The question raised is not free from doubt nor easily decided. It is of momentous interest to the whole Project, as well as to a large population residing in and dependent upon the Project. For that reason, we think it should be approached and decided on broad lines and, if possible, in accordance with the general policy that has been followed by the Association, which has been, as we gather, an honest and conscientious effort to preserve to each landowner his rights as stipulated in the Kent Decree and the Association's charter, except when deviations have been consented to or made necessary by some compelling or unavoidable cause or circumstance.
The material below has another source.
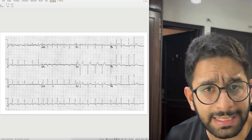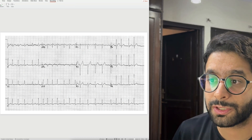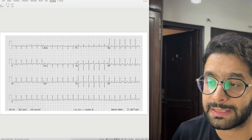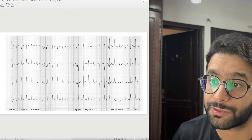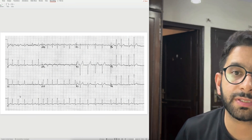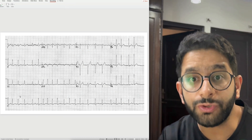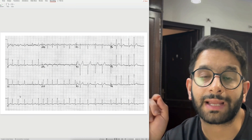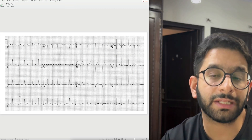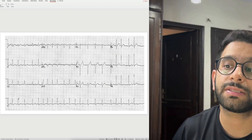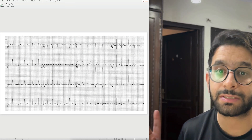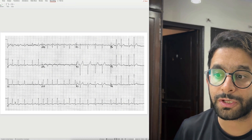This next ECG is again a narrow complex tachycardia, but look at the difference: this one is irregular. You also have a very hard time finding P waves — no regular P waves are visible. This is an irregularly irregular narrow complex tachycardia with no identifiable P waves — this is atrial fibrillation. It is important to recognize because patients with risk factors like hypertension, diabetes, and old age with this ECG are at risk of stroke. Recognizing it and starting optimal anticoagulation can prevent stroke. Atrial fibrillation is the most common arrhythmia in adults.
It should not be overlooked that each member of the Association, regardless of where his land is located in the Project, or its class, or character, is required to contribute an equal amount per acre for the cost of the Project and its upkeep. Originally this was all right, for it evidently was based upon an understanding or belief by the Association that each and every member, at least during normal seasons, could be supplied with irrigation water for his lands — the "A" lands from the river flow supplemented by flood and storage water, and "B" and "C" lands from flood and storage water. It was the long dry seasons that soon demonstrated that the Association had accepted subscribers for too many acres for the river and storage *Page 384 water supply. However, any of its members deprived of water by reason of excessive acreage or drouth conditions could not complain, for they became members knowing that such a thing might happen, and that first in time was first in right when there was a shortage, whatever the cause. This aspect of the situation, however, was entirely changed when the problem of drainage presented itself to the Association and its shareholders. Drainage was not necessary in all parts of the Project. In some parts, however, it was acute and imperative if the lands were to be farmed and crops grown. In places the water had risen to the surface and stood in pools. Generally the waterlogged lands were "A" lands, and generally the "B" and "C" lands were not waterlogged. These latter, as also "A" lands that were not waterlogged, have been assessed at the same rate as the waterlogged lands for a drainage system. Natural justice, it would seem, would require the waterlogged lands to concede something to the higher lands that do not become waterlogged and cannot, because of their being higher, have delivered to them the pump water; and, as we shall see later, such concession has been the delivery of less river and storage water to such waterlogged lands and more pump water from such lands or nearby lands.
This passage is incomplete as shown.